• [PROVIDED DATA]:

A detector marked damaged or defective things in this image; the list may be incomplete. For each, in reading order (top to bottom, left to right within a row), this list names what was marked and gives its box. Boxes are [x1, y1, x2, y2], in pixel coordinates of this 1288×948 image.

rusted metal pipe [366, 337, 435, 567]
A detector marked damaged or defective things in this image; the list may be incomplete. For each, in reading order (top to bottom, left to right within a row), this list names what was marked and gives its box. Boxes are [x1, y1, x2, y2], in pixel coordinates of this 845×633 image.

* * *

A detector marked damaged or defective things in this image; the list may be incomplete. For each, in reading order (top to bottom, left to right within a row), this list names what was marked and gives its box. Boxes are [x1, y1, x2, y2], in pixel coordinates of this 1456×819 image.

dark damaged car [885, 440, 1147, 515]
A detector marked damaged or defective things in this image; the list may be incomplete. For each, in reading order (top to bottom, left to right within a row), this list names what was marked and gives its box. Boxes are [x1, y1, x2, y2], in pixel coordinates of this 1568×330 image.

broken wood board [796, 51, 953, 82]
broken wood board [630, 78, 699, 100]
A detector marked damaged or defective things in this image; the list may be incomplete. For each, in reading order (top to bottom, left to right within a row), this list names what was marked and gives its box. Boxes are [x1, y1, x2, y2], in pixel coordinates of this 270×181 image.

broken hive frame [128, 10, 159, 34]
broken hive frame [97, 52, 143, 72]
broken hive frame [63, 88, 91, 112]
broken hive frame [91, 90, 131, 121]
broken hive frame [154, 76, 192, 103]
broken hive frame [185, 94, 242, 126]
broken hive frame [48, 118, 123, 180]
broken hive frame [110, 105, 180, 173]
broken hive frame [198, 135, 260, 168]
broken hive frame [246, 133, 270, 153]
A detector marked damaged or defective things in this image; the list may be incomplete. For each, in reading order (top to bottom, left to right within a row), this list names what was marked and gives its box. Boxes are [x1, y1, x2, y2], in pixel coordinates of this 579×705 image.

• [TASK DIRECTIONS]: Look through the entries above and quote exactly the lines from the line with "this 1288×948 image." to the line with "this 845×633 image.", counting both of those lines.

• [TASK OUTPUT]:
A detector marked damaged or defective things in this image; the list may be incomplete. For each, in reading order (top to bottom, left to right within a row), this list names what was marked and gives its box. Boxes are [x1, y1, x2, y2], in pixel coordinates of this 1288×948 image.

rusted metal pipe [366, 337, 435, 567]
A detector marked damaged or defective things in this image; the list may be incomplete. For each, in reading order (top to bottom, left to right within a row), this list names what was marked and gives its box. Boxes are [x1, y1, x2, y2], in pixel coordinates of this 845×633 image.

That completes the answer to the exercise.